— О чем вы хотели со мной поговорить? — с беспокойством в голосе спросил Кеттнер, когда все три офицера устроились на стульях перед его огромным столом.
— Об улучшении обороны города, герр Кеттнер, — сказал майор Имгоф.
— Нам дают дополнительные пушки?
— Нет, но нам стала известна информация, не воспользоваться которой преступно.
Эйтель с майором расстелили карту и минут пятнадцать разъясняли крайсляйтеру суть дела. Кеттнер временами поглядывал на покашливающего Алекса, но ни о чем не спрашивал.
— Но как мы можем передвигать пушки, если план их расстановки утвержден главным штабом ПВО Саксонии? — с суровой категоричностью в голосе спросил Кеттнер.
— Но этот же штаб утвердил расстановку орудий и в Дрездене, — заметил Эйтель. — Теперь нет ни Дрездена, ни орудий, да и о самом штабе что-то ничего не слышно.

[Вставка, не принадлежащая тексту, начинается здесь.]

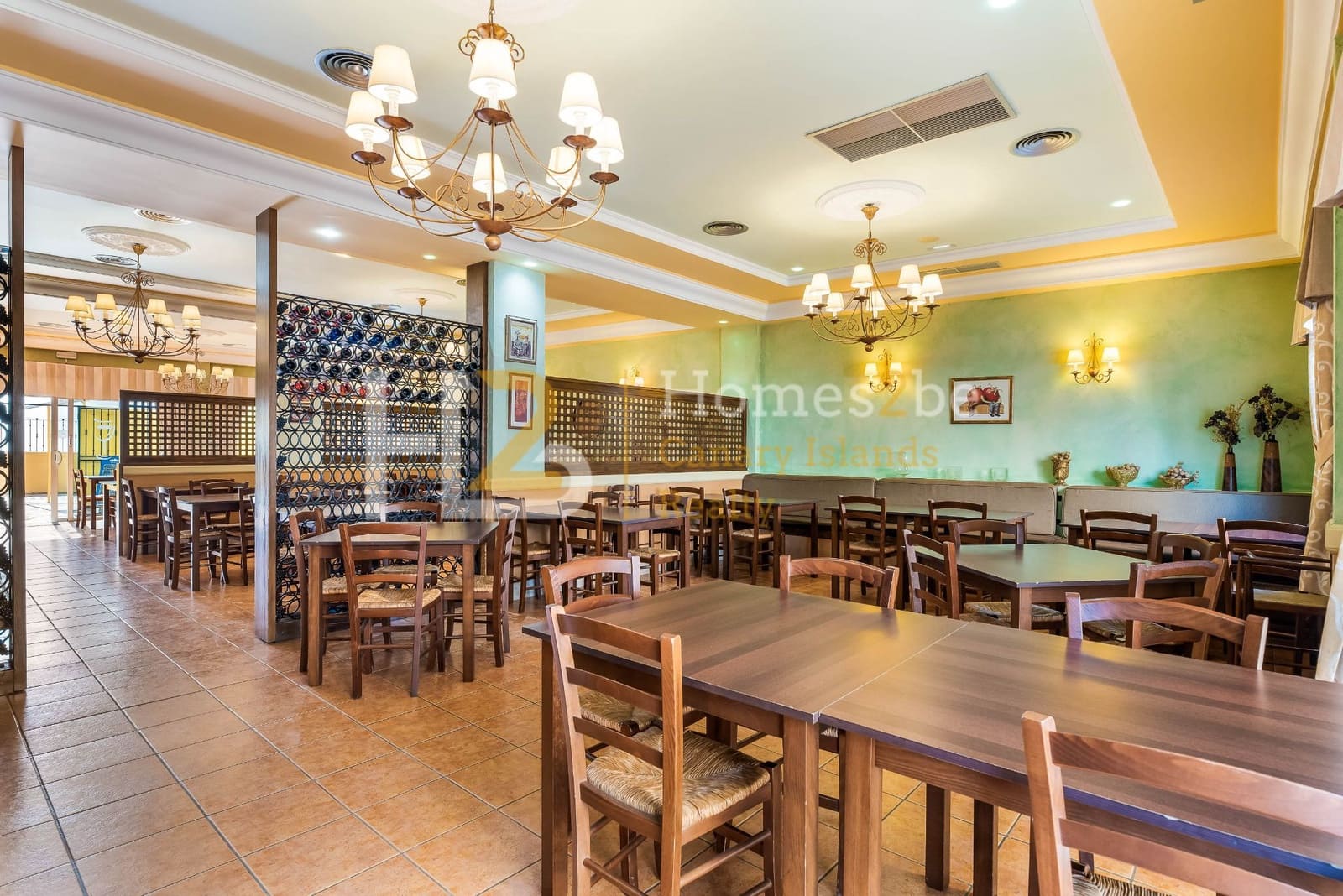 Commercial for sale in Arona with garage - € 1,250,000 (Ref: 7310650)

Если бы буквально вчера Кеттнер не получил распоряжение гауляйтера о подготовке Хемница к очередной массированной атаке противника, что, в частности, предусматривало дальнейшее улучшение его зенитного прикрытия, он бы не стал долго разговаривать на эту тему. Но распоряжение получено, и о нем знали как Шеллен, так и Имгоф.
— Но, если мы уберем пушки с площади, ратуша останется незащищенной? — вопрошал он, наивно полагая, что каждое зенитное орудие обороняет от самолетов именно тот объект, возле которого поставлено.

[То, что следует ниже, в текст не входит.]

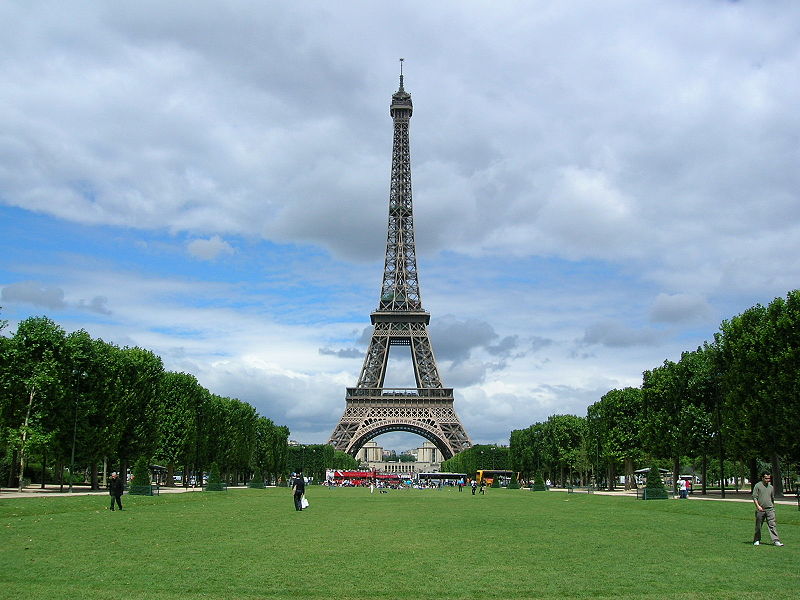 800px-Le_Tour_Eiffel_from_Le_Champs_de_Mars.jpg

Имгоф с Шелленом снова принялись доказывать, что самолеты надо сбивать еще на подлете к городу, поскольку свои бомбы они сбрасывают прежде, чем поравняются с конкретной целью, но, главное, надо защитить исходную точку атаки, которой, по их данным является старый кавалерийский плац.

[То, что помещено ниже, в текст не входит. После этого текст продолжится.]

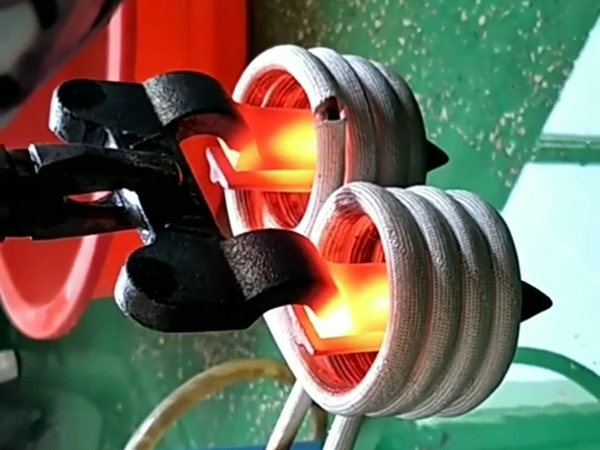 高頻淬火設備的優點有哪些和預防淬火變形措施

— Да черт с ним с этим плацем, — не понимал несостоявшийся драматург. — Пускай бомбят его, сколько хотят.
Имгоф с Эйтелем переглянулись, Алекс закашлялся, скрывая нервический смешок. Эйтелю пришлось попросить чистый лист бумаги и разрисовать его, показывая, как следопыты размечают зоны бомбометания, отталкиваясь от помеченного специальными огнями плаца, который есть не что иное, как отправная точка разметки.
— Ну хорошо, тогда объясните, зачем нам переносить сюда пушки и защищать ложную цель? Пусть они бросают на нее свои зажигалки, раз она все равно ложная.
Поскольку никто из посетителей политического руководителя не был членом партии, они не могли обращаться к нему как к партайгеноссе.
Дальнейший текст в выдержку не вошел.